Oh thanks for sharing the link! Been wanting to get some shrimp souffle! I dont remember and ill check when I get home but yea for my community plus, I believe the expiration was definitely over a year.


----------



## tastyworms (Apr 2, 2014)

Just saw this post pop up in my alerts. We normally remove the clearance items that are already expired. Typically, the clearance section is products which will expire within 3 months time. We try to keep the titles updated with the expiration date you will receive, since these products are so close to expiry when listed. In this case, we've hit a bit of a snag and the items weren't removed on time. I will leave them up for a bit in case anyone wants to grab them.

Our warehouse is partially air conditioned, and the packages are a thick laminated foil, so a great moisture, air and light barrier. That being said, I know certain vitamins and minerals begin to lose their potency after a certain period of time. The expiration dates seem to be pretty standard on Repashy, I don't think they get modified on a per product basis. That being said, there is no guarantee as to the efficacy of expired product is and as such it is buyer beware.


----------



## wdgiles (Jul 2, 2013)

Thanks for letting us know, I've been looking at this on amazon and was waiting for more stock. Looks like you get the sale. Any recommended ones as the "better deal" than the rest?


----------



## Acro (Jul 7, 2012)

Hey Mr. Tastyworms! 
It's me 'Acro' from Kokos, trying to help get your name out. 

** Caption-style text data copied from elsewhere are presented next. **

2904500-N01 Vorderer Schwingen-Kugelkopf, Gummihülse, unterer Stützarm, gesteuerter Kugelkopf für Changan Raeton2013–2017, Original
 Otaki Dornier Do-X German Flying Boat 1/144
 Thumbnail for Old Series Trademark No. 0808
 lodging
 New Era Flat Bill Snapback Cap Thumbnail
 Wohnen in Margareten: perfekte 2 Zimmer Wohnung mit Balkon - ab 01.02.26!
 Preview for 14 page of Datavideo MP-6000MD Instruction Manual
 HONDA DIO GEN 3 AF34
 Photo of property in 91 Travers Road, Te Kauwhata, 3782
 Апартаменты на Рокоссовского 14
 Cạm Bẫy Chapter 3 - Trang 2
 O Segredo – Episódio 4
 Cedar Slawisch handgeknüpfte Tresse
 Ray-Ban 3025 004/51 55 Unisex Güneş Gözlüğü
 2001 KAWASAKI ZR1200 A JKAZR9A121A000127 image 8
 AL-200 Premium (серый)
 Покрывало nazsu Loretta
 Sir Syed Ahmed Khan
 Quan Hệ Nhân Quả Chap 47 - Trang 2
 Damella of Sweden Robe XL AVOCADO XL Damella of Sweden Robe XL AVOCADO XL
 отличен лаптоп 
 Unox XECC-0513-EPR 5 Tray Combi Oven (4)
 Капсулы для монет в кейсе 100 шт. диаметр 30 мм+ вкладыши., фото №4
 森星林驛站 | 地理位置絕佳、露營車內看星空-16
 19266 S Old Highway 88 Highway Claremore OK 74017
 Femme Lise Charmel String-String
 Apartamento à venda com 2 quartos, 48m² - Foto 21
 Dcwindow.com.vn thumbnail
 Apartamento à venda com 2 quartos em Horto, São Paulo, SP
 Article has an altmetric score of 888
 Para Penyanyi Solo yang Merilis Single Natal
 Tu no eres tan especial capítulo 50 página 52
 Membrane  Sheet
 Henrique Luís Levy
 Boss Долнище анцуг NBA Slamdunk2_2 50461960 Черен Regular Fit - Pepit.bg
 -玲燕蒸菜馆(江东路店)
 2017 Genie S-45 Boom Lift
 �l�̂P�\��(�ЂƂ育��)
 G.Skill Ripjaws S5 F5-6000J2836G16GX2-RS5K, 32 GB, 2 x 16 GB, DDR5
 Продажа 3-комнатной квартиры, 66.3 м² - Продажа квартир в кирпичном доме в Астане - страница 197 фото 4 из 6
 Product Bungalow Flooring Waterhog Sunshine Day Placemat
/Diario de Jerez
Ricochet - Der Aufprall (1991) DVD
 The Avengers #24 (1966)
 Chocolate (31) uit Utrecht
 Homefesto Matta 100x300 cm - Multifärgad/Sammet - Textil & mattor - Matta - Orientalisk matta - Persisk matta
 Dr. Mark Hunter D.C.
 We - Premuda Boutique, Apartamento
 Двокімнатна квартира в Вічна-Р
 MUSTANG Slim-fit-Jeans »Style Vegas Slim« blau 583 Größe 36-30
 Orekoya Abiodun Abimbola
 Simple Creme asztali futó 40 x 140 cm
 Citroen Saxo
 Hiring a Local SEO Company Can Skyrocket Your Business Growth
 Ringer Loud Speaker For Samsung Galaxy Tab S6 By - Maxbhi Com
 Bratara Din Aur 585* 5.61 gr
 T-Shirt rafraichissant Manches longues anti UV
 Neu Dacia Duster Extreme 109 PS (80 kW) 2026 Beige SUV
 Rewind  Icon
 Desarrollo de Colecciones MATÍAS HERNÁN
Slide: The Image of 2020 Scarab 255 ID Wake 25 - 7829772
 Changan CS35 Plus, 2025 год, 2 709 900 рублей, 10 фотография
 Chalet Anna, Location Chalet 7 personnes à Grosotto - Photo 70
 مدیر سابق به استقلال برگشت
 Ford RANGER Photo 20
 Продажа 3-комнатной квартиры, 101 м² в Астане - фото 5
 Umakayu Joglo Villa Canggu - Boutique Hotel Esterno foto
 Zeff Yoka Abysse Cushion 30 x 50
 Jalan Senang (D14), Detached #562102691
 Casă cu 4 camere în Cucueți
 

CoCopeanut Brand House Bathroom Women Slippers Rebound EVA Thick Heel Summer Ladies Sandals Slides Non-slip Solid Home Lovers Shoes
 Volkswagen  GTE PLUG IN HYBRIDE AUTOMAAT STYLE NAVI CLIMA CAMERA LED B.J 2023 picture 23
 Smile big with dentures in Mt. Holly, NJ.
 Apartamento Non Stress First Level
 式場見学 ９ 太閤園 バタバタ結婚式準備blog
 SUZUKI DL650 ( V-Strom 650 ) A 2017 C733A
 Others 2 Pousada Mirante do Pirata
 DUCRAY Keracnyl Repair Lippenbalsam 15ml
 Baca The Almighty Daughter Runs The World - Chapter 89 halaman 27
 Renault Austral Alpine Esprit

The great thing with gel foods, is that you can always add in stuff like any vitamins and minerals, veggies, dried fish foods, etc. And ya can't beat 50% off!


----------



## lamiskool (Jul 1, 2011)

Acro said:


> Hey Mr. Tastyworms!
> It's me 'Acro' from Kokos, trying to help get your name out.
> 
> The great thing with gel foods, is that you can always add in stuff like any vitamins and minerals, veggies, dried fish foods, etc. And ya can't beat 50% off!


yep mine just came in the mail today  also if your afraid of it expiring what I do is make a ton of it and just stick the extra in the freezer and its good for a long long time


----------